2025-02-17
24 分钟THE Economist.
Hello and welcome to the Intelligence from the Economist.
I'm your host, Jason Palmer.
Every weekday we provide a fresh perspective on the events shaping your world.
Donald Shoup rode a bicycle, but his obsession was traffic, specifically how to make cities more efficient by having the right parking spaces and ways to charge for them.
Our obituaries editor remembers a man who got cities moving.
Before that, though, we're trying to parse a pile of news from a bewildering conference over the weekend.
Excellencies, ladies and gentlemen, dear friend, welcome to this year's Munich Security Conference.

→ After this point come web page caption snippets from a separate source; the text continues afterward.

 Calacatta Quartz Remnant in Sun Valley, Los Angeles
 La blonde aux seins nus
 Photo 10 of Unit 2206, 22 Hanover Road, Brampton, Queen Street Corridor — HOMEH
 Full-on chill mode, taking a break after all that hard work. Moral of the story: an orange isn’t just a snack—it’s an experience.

Before we start, for presidents and prime ministers, defense secretaries and spy chiefs, the Munich Security Conference is a huge annual fixture since the 1960s.
This is where a lot of Western diplomacy gets done.

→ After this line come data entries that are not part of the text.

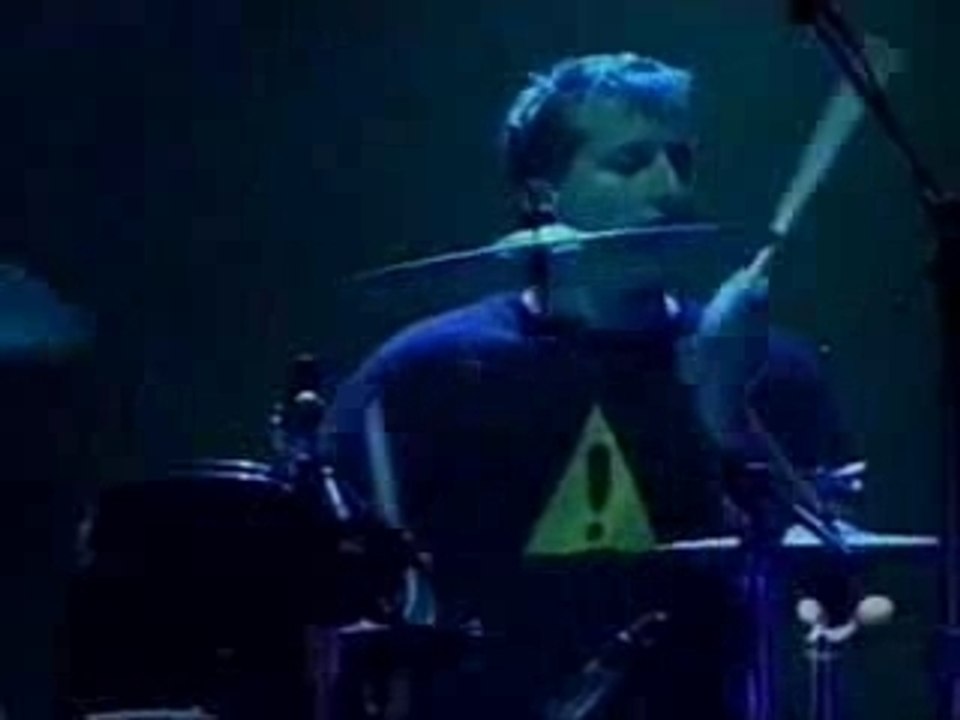 Green Day Basket Case (LIVE)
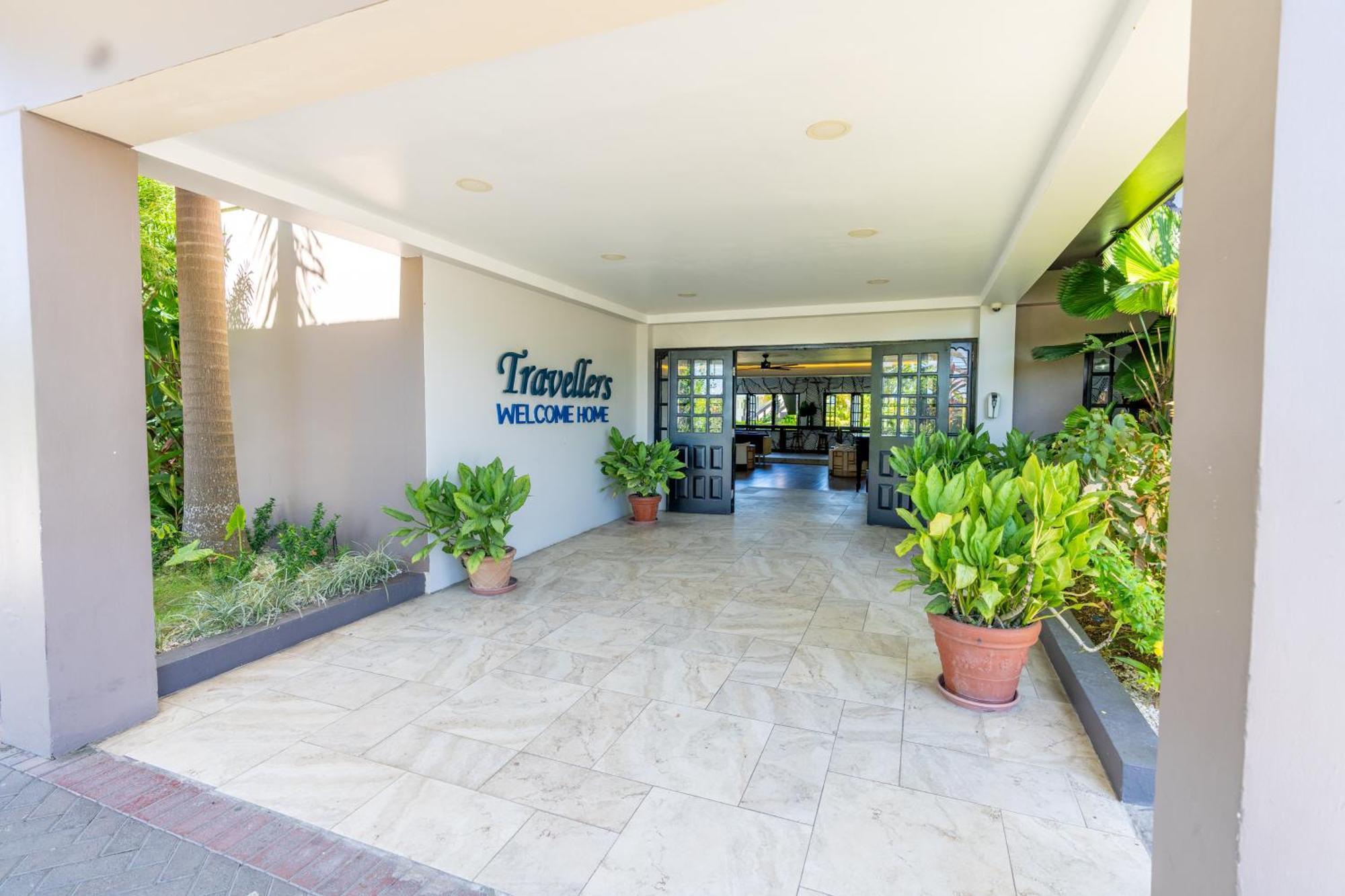 נגריל Travellers Beach Resort מראה חיצוני תמונה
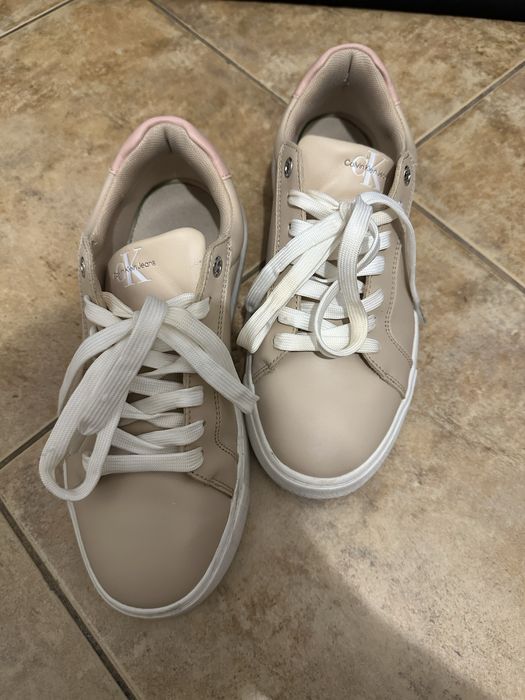 Calvin Klein обувки 55 лева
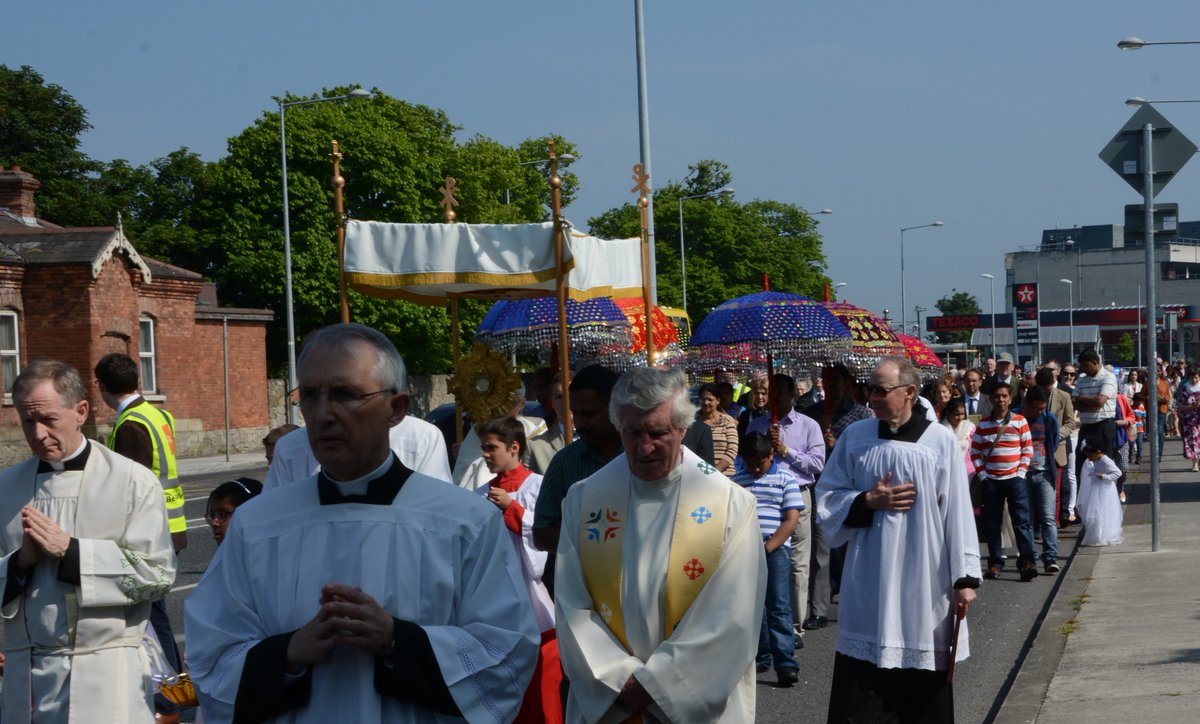 MerrionRdChurch's tweet photo. CORPUS CHRISTI Procession, Our Lady Queen of Peace, Sun 18 Jun, 3-5pm. See: https://t.co/TeOwIEF2Dt https://t.co/st7oxJZ1oJ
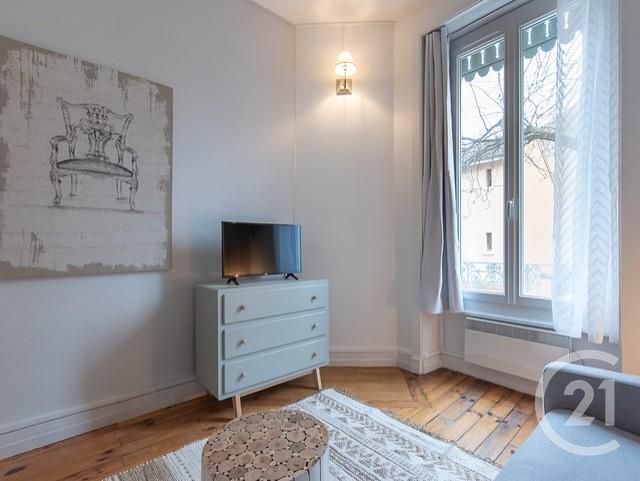 Appartement T1 à louer - 1 pièce - 21.62 m2 - LYON - 69008 - RHONE-ALPES - Century 21 Grande Rue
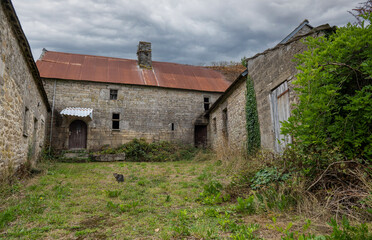 Fototapeta na wymiar old farm in Bretagne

Business deals get struck.
During the coming days, we have to once again deal with Putin's war against Ukraine.
I warmly welcome the Ukrainian delegation, but.
The meeting doesn't often make for big global headlines.
This year, though, this year was a news gusher on defense cooperation, on Ukraine negotiations, on flying the flag for Europe's hard right.
The Trump administration threw into question what Munich types had for decades taken for granted.
And as ever, the question is how seriously or literally to take it all.
Our editor in chief, Zanny Minton Beddoes, and our defense editor, Shashank Joshi, are just back from the conference.
Zanny Shashank, hi.
Thanks very much for making the time today.